• Aim of the task: Output exactly the lines below from the one containing "HeliosExtBlack Regular animated font preview" to the last line, both included. Omit pictures.

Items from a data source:
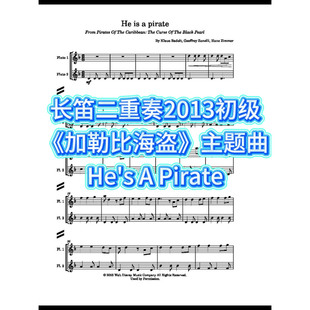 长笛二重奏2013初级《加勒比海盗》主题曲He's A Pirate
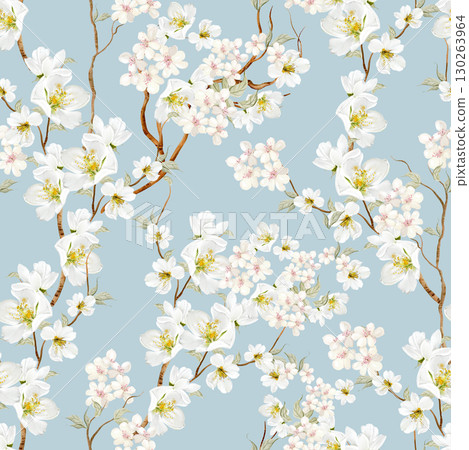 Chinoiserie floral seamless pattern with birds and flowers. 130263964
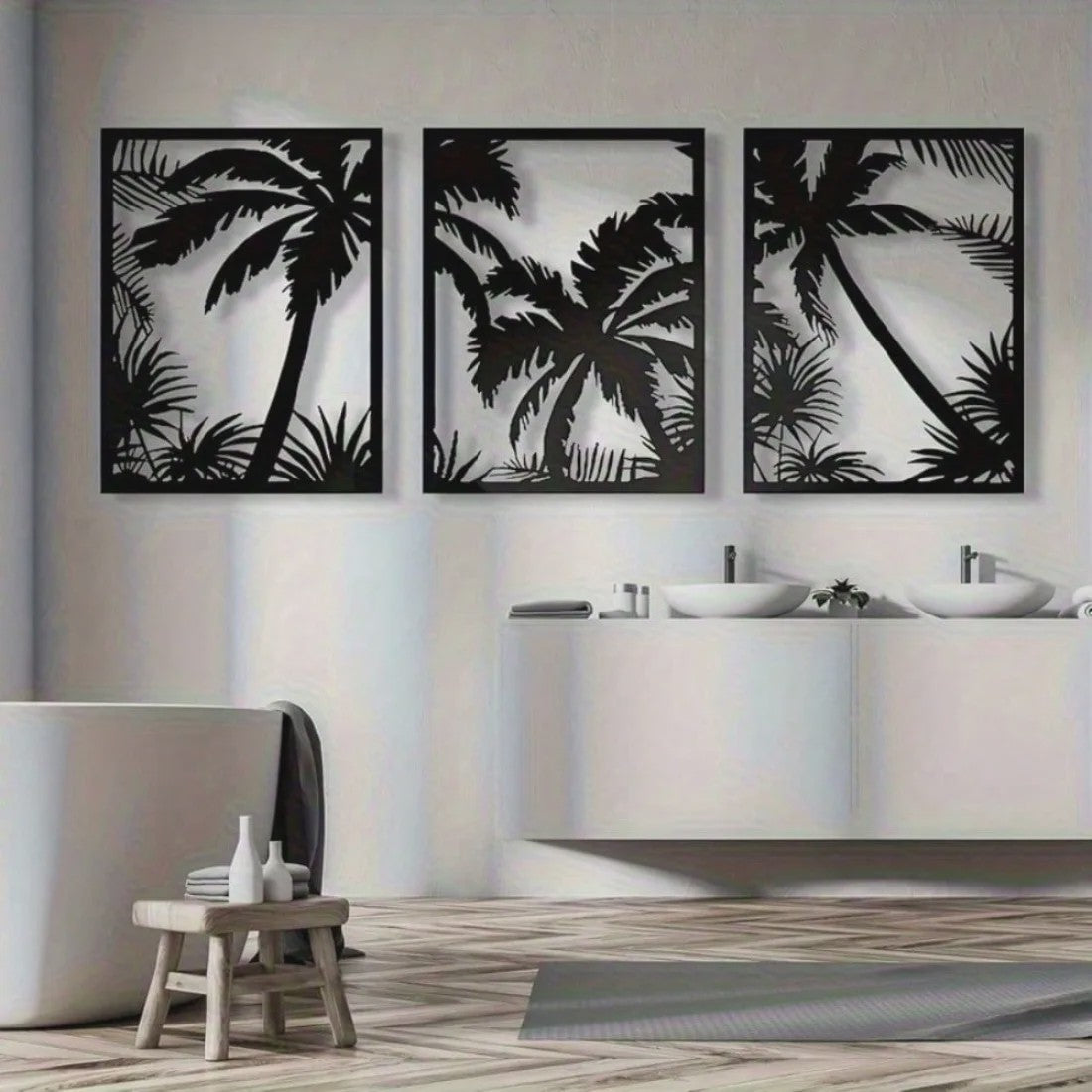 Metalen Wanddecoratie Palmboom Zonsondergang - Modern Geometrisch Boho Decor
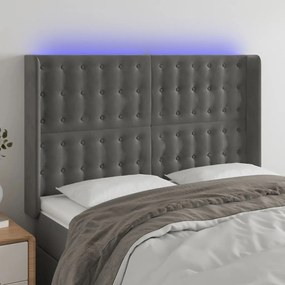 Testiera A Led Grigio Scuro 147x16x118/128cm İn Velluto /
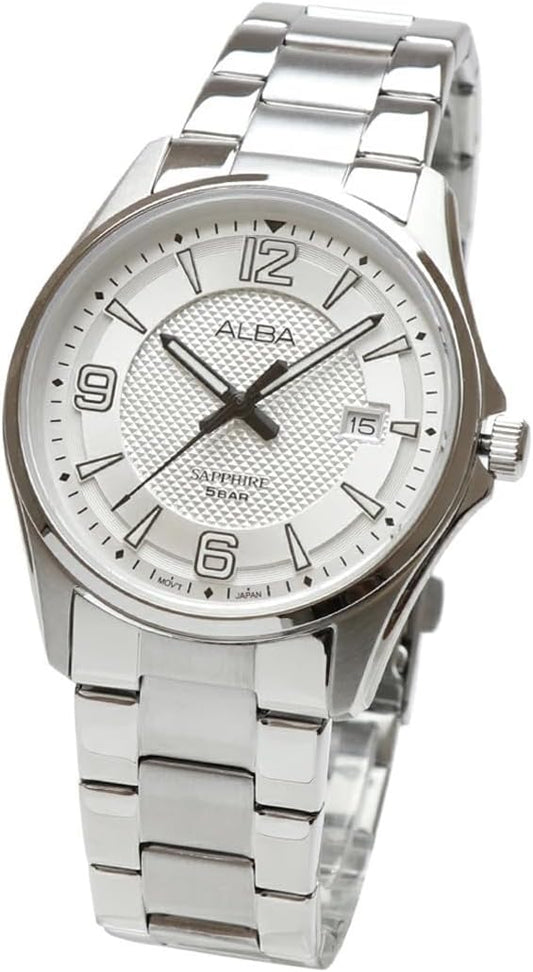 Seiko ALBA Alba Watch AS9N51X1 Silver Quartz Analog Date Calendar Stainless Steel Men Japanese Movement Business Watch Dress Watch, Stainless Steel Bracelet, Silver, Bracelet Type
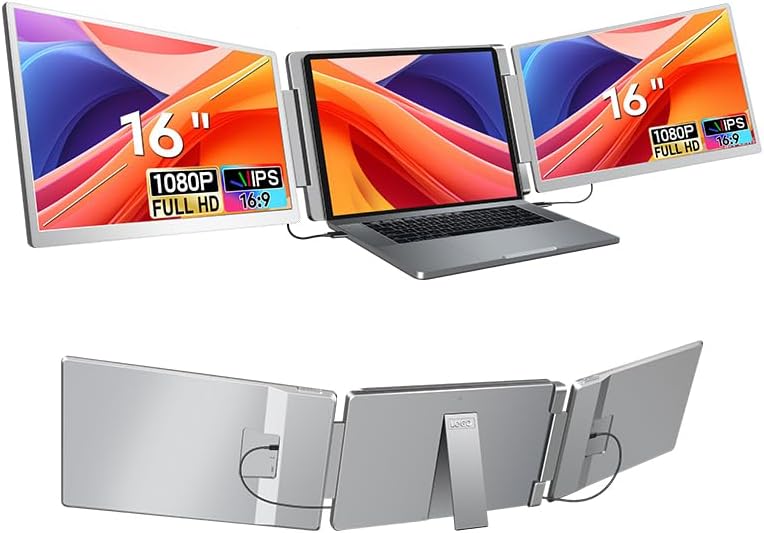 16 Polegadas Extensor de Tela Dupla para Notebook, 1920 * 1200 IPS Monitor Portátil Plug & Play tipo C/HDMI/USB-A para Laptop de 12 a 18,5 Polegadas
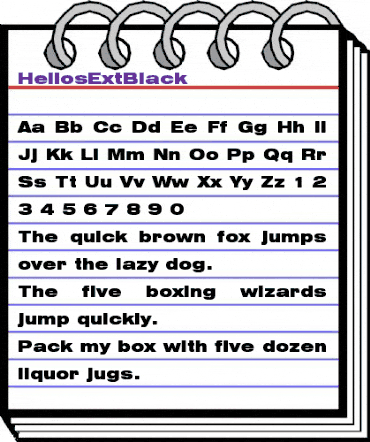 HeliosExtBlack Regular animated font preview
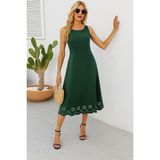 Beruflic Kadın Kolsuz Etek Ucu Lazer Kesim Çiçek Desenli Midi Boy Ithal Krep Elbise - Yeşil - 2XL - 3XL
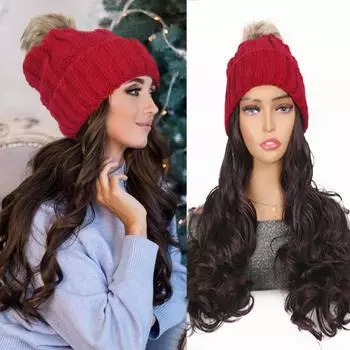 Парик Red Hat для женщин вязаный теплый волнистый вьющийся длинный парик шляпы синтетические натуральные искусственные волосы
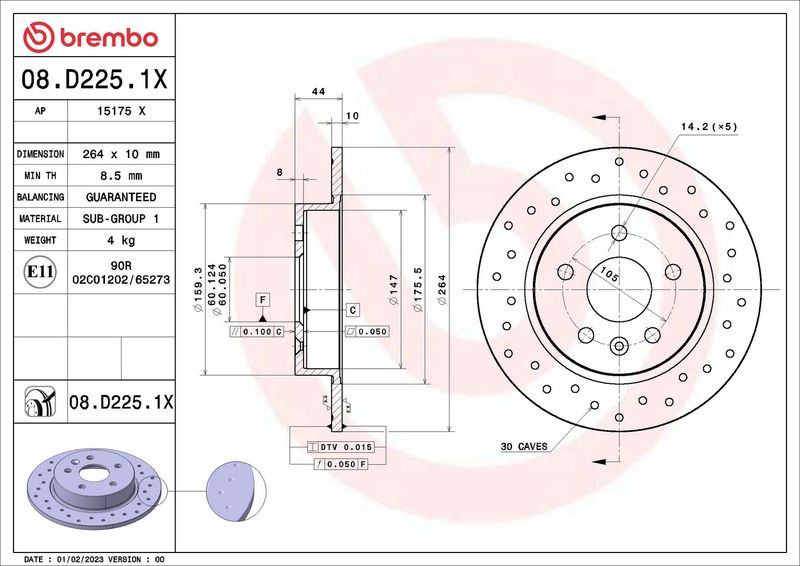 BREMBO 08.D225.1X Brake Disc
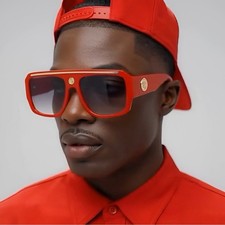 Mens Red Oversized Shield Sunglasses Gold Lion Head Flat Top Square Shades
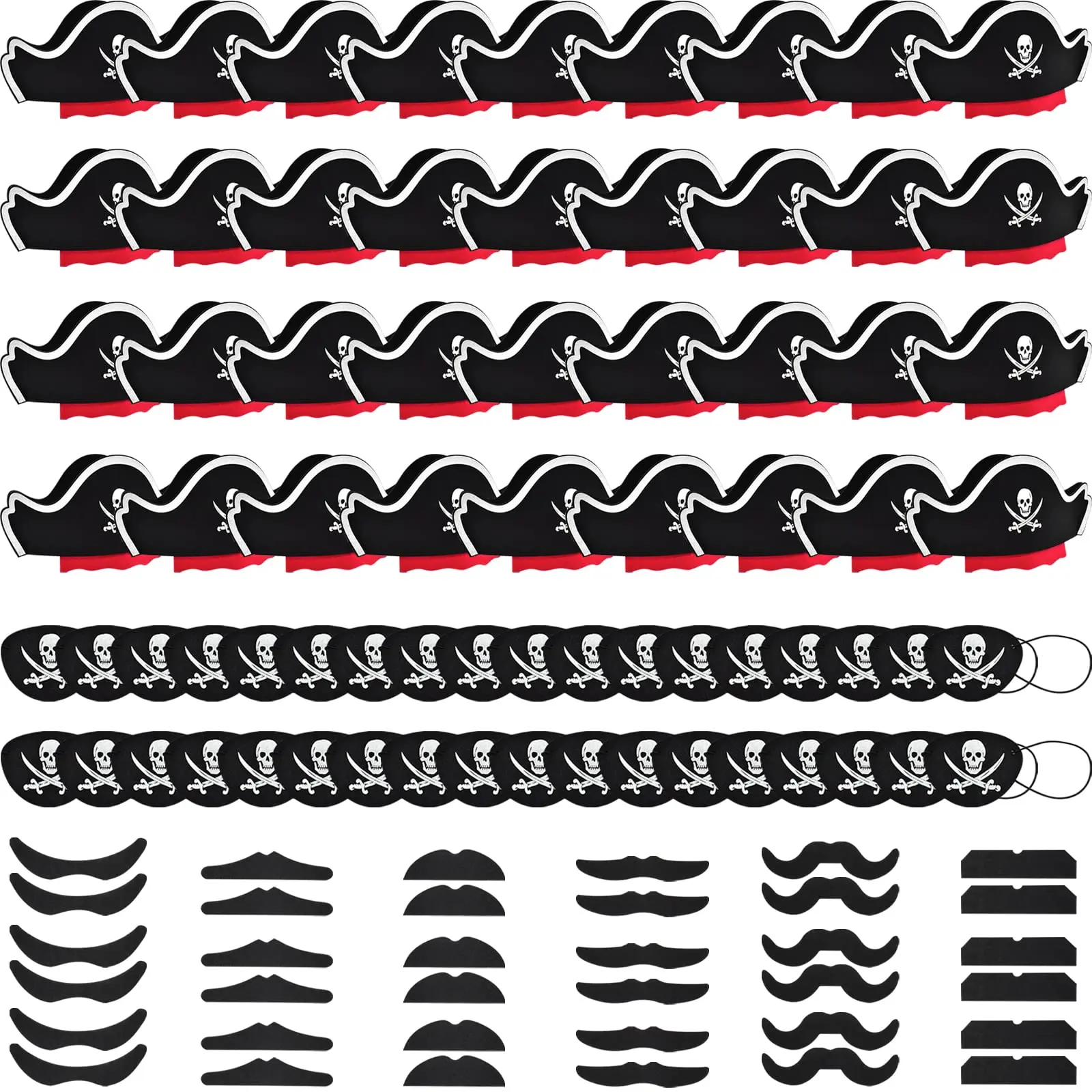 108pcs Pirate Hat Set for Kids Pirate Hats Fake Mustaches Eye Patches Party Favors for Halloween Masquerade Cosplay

• Final answer:
 HeliosExtBlack Regular animated font preview
 Beruflic Kadın Kolsuz Etek Ucu Lazer Kesim Çiçek Desenli Midi Boy Ithal Krep Elbise - Yeşil - 2XL - 3XL
 Парик Red Hat для женщин вязаный теплый волнистый вьющийся длинный парик шляпы синтетические натуральные искусственные волосы
 BREMBO 08.D225.1X Brake Disc
 Mens Red Oversized Shield Sunglasses Gold Lion Head Flat Top Square Shades
 108pcs Pirate Hat Set for Kids Pirate Hats Fake Mustaches Eye Patches Party Favors for Halloween Masquerade Cosplay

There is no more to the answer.